工業高校生が製作したミニ車両「上越新幹線とき」と「銀河鉄道機関車だいちⅡ号」=24日、さいたま市大宮区の鉄道博物館
大宮工業高校建築科の生徒が約半年をかけて作ったのは、大宮駅の立体模型。幅140㌢、奥行860㌢、高さ3・1㌢で実際の300分の1のスケールになっている。MDF板(厚さ2㍉)を用いて、レーザー加工を施した。大宮駅の各ホームに出入りする鉄道車両の動きを、プログラム制御したLEDテープライトで表現した。
3年生の原田悠聖さん(18)は「渋谷駅の模型を授業の中で見て、自分たちも大宮駅を作ろうと思った。図面がなかったので苦労したけれど、完成した時はすごく達成感があった」と話した。同校は22年に鉄道博物館の外観、23年には同館の車両ステーション模型を製作した。

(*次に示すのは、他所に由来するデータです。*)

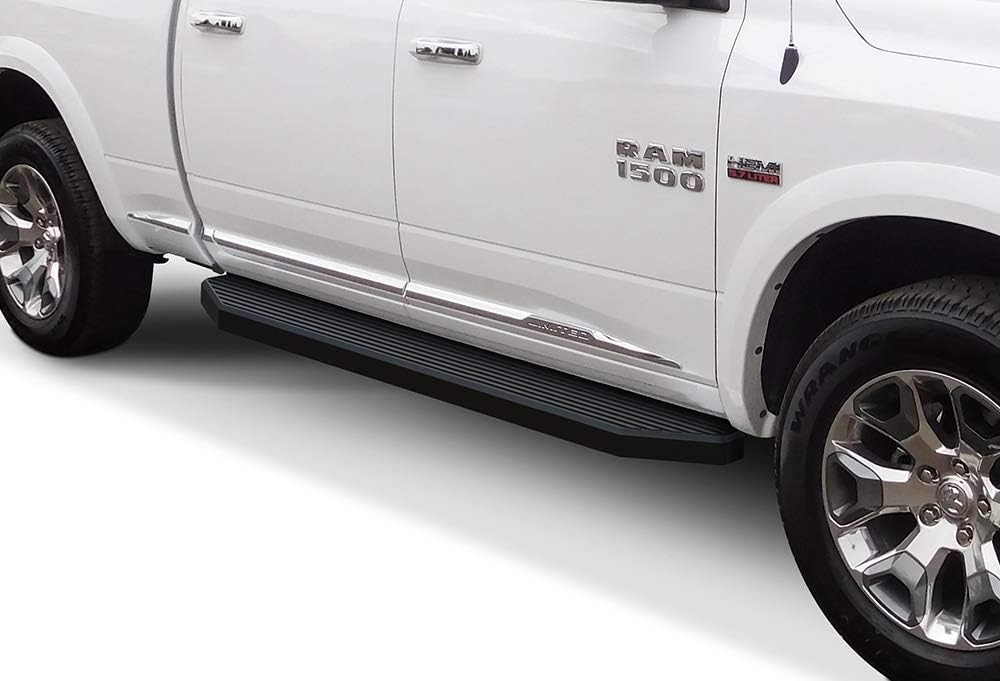 6 inches Running Boards Compatible with Ram 1500 2009-2018 Crew Cab & Ram 2500 3500 2010-2022 Z396918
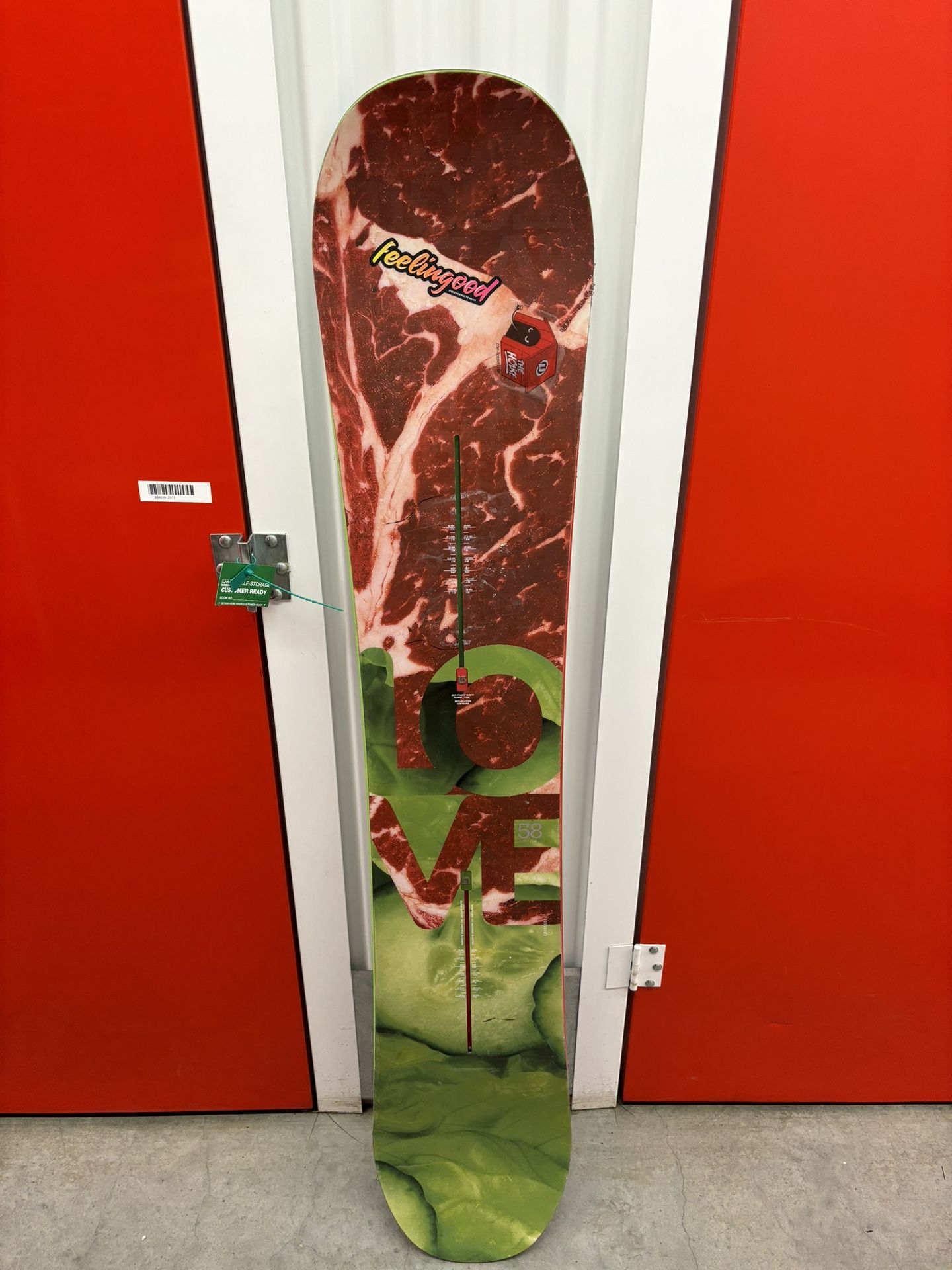 Burton “Love” Board (early 2010s design)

来場者に大人気だったのは、生徒が設計と製作したミニ鉄道車両の体験乗車。越谷総合技術高校が製作したE4系新幹線(MAX)タイプの「上越新幹線とき」は4両編成で定員8人(乗務員1、乗客7)。繊維強化プラスチックのボディーとバッテリー回生ブレーキ機能を搭載した。電気モーターで稼働し運転席が後ろにあるのが特徴という。
久喜工業高校は、「銀河鉄道機関車だいちⅡ号」を製作。4両編成、定員7人(乗務員1、乗客6)でモーター2基を使用し、自作の特殊車輪とステアリング機構でレールなしでも走行可能。ミニ車両はそれぞれ5?ゲージを直線約30㍍往復走行した。
ミニ新幹線に乗車した浦和区の水野凪葵ちゃん(4)は「楽しい。10回乗りたい」と大はしゃぎ。母親の恵理さん(44)は「高校生が作ったと聞き、びっくりした。振動が少なく、乗り心地も良かった」と感心した様子で話した。
この日、両車両には延べ約1000人の〝乗客〟があり、親子連れらが楽しく写真撮影などをしていた。このほか鉄道展では、県産業教育フェアで表彰された「夢のイラストコンテスト」入賞作品も展示された。